Everything should be fixed by using ClobTransformer. Just few changes in data-config.xml and it should be fine… but it wasn’t. I spent quite few hours to find out, that it won’t work if data column you’re feeding ClobTransformer is not written all in uppercase. Yes, it was just that. Adding alias to column name that made it in named in upper case fixed everything.
select col as COLUMN from table
This and sourceColName=”COLUMN” in entity mapping helped. So first advice how to not get hurt is:
Use only upper case names in query result table. Use aliases when needed.
Second issue we had was that after switching database to MySql CLOBs (it’s named LONGTEXT in MySql) again stopped working and again it was some crazy issue nowhere documented. After some time spent in debugger and SolR source I’ve found out that it was not using field name from data-config.xml to map it to schema field, but sourceColName. It also has some logic that was trying to resolve using sourceColName.toLowerCase when it couldn’t match it’s name. I have no idea why it does that way for CLOBs as other fields worked fine. Also switching back to H2 database worked fine. So next advice is:
Use same name as schema field name for query result table columns, but still in upper case. It will keep you safe from first issue described here and work fine because of toLowerCase logic in Solr
Hope it will save you few hours of searching.
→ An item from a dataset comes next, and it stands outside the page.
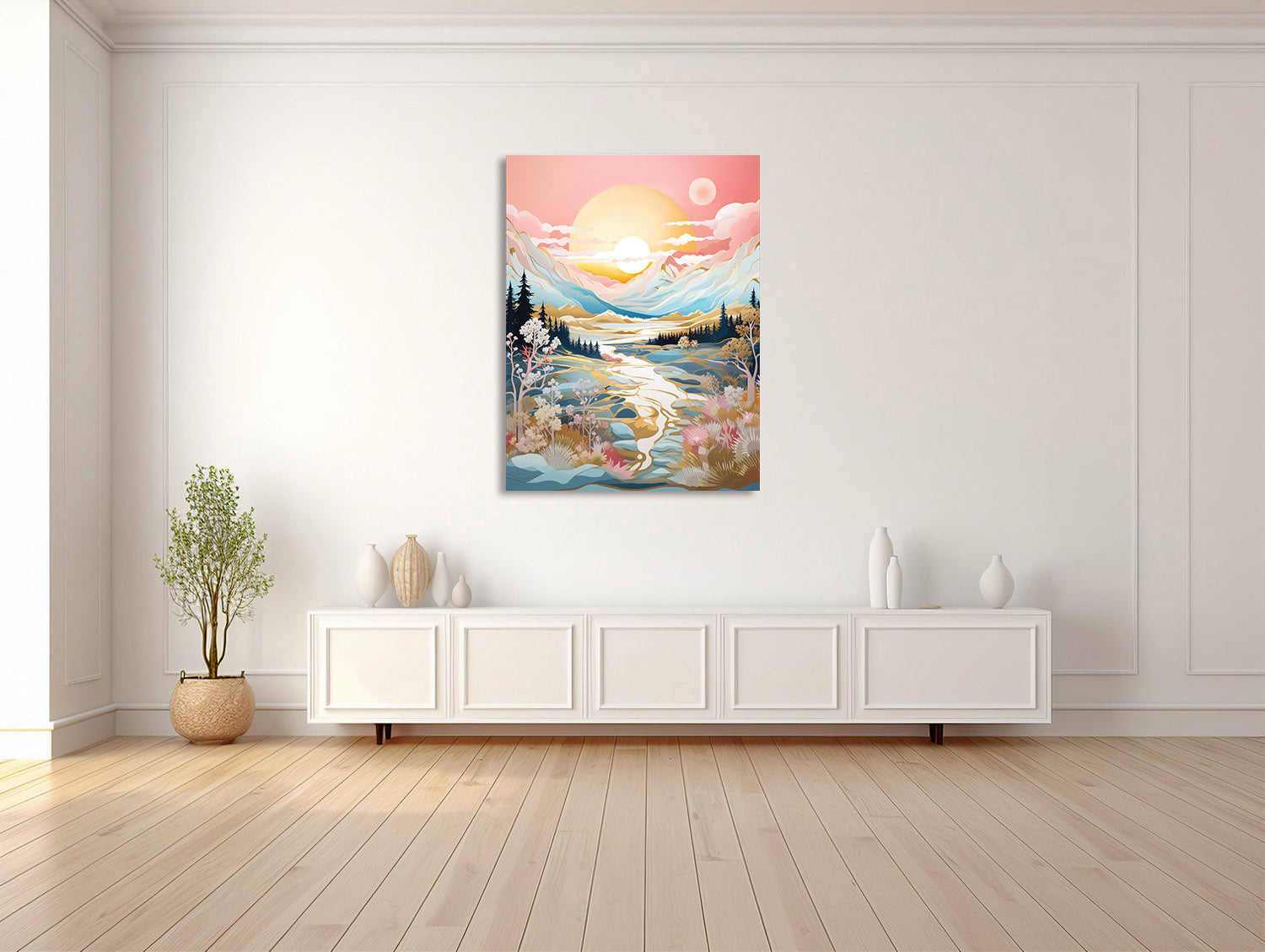 Romantic Sunset Serenity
Will keep posting new crazy things about SolR if I find them.That’s all I have found for now.
Ok, this is not really true. Done some live debugging in SolR transformers and what you really have to do is use exactly same naming as your database will return.
SolR transformers use Map with table column names (as String in case returned by database) as keys and data as values. So make sure you declare
sourceColNames in mapping in exactly same case as your database returns or map.get() won’t match it.